__TO DO__.
Please set down exactly the lines from the one that contains "Weiße und braune Eier." through the end of the material, leaving out every picture.

Start of SUPPLIED ENTRIES

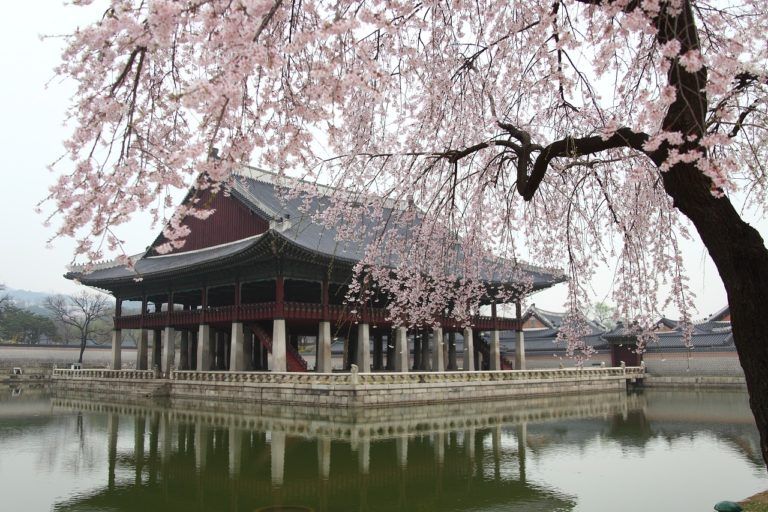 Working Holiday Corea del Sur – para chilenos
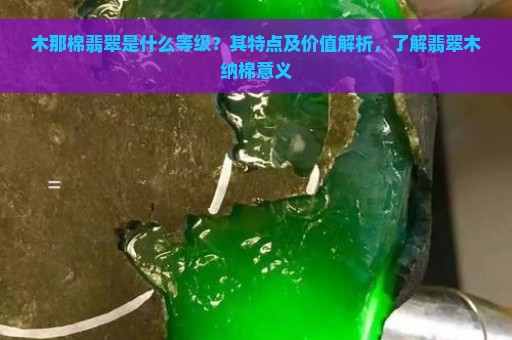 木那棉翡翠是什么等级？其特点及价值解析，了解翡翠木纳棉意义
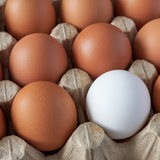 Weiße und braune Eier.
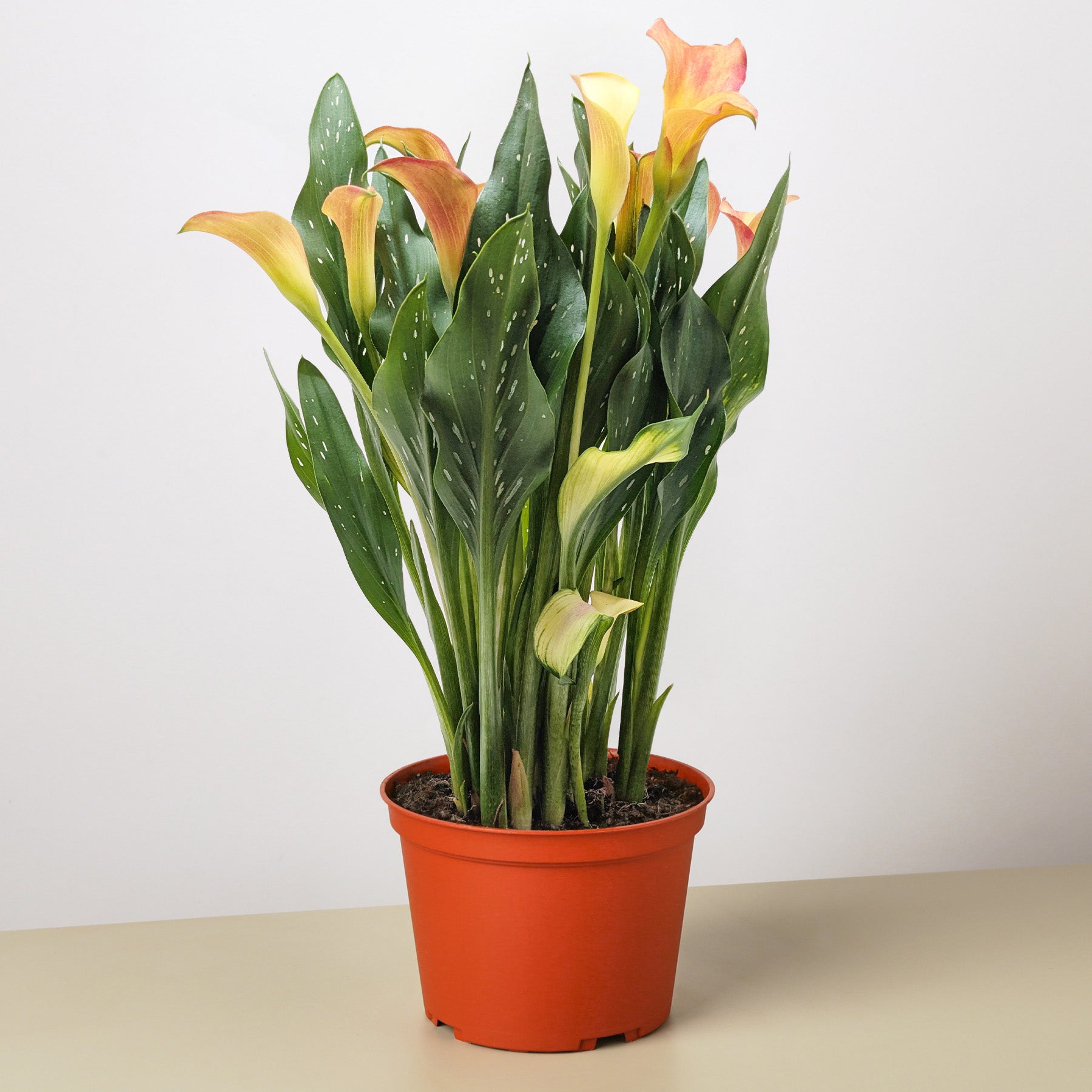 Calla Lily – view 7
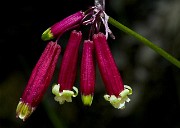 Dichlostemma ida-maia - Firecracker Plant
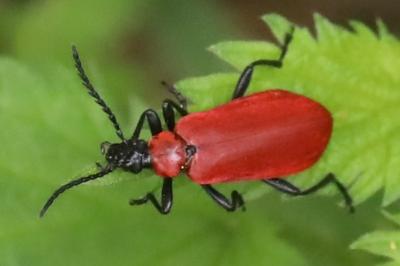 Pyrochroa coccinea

End of SUPPLIED ENTRIES

__RESULT FOR THIS TASK__.
 Weiße und braune Eier.
 Calla Lily – view 7
 Dichlostemma ida-maia - Firecracker Plant
 Pyrochroa coccinea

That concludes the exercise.